The squeezed middle - cash-strapped mums and dads either hunting for jobs, or so stressed by working long hours to cover gaps left in a skeleton staff; they’re having it hard. But their struggle is having a huge impact on grandmothers, the recession’s stretched middle. And heaven help us if their elastic snaps.
A Gransnet survey of the pressures felt by grandparents aged over 50 has found they are pulled between their own busy lives and caring for relatives at both ends of the spectrum. Three quarters act as unpaid childminders for their grandkids and over a third as unpaid carers for their elderly parents. And a quarter are still holding down a job.

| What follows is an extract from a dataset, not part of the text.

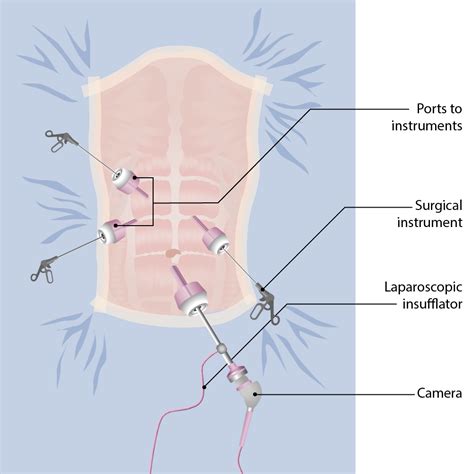 Laparotomy and Laparoscopy | Concise Medical Knowledge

There is nothing new in this; women have always been the family’s glue. For centuries grandmothers have looked after their children’s children free gratis - and middle-aged daughters have dutifully looked after their ailing elderly parents. It’s how society functions. The ageing matriarch accepts her role as piggy in the middle.
But now we’re finding out how worried and vulnerable they feel. The gransnet survey has done a marvellous thing; it’s allowed them to say what love and guilt prevent them telling their families.
Fewer than a fifth said they felt secure and confident about the future.
Over half are affected by the recession. Many revealed the sacrifices they have made; of having to give up their jobs or take retirement to be available for family caring. Half are worrying about money, yet they give it away to their hard-up children or grandchildren.
Most love looking after their grandkids, but a third shut up and put up for fear of being called selfish and unnatural.
We know we’re not fair to them, but still we take as if it’s our birthright. It’s time we respected their need to enjoy later life.
Selfishly, it’s in our own interest to ensure they’re happy and well; after all, one day we will be looking after them.